Did you know that your foreign accent is a lot worse than you think it is? It is. You just can’t hear how awful you sound. This is the finding of a new linguistic study in PLoS One from Germany’s Ludwig Maximilians Universitat.

“Learners have a tendency to overestimate the quality of their own pronunciation,” said linguist and coauthor Eva Reinisch in a release. “As a rule, they believe that their English is better than that spoken by their fellow students at language schools, although they make the same set of errors.”

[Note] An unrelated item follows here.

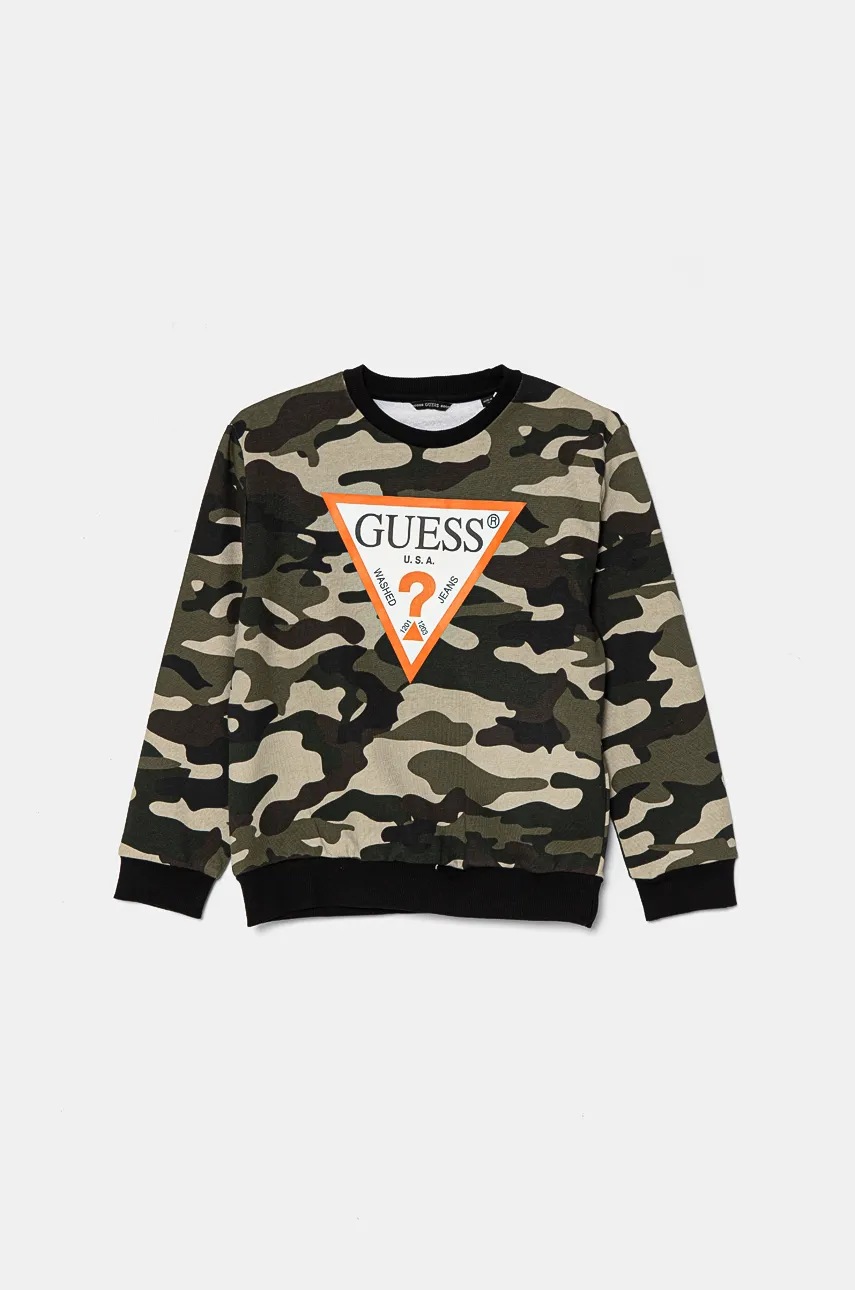 

Детски памучен суичър Guess в зелено с десен L4BQ01 KAD73, Зелен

The study had Germans read aloud 60 short sentences in English such as, “The jug is on the shelf.” Weeks later, the same people heard the readings replayed. The recordings were manipulated so that male voices sounded female, and vice versa. All participants rated their own pronunciations much higher than others did, despite being unaware that they were listening to their own recordings. Reinisch speculates that this might be because familiar voices are both preferred and easy to understand—and whose accent is more clear and calming than your own?

The take home: Don’t trust your own ears. You need honest feedback from others, because you simply cannot hear the same errors that you easily detect in your peers’ speech. “As long as we believe that we’re already pretty good, we are not going to put in more effort to improve,” says Reinisch.

The term for this is fossilization: When you take habits from your native language, and turn them into permanent errors in another language. The study notes that these errors are quite predictable, yet most people find it virtually impossible to eliminate them, even with years of practice.

You heard it here first. Don’t be a fossil. Get help.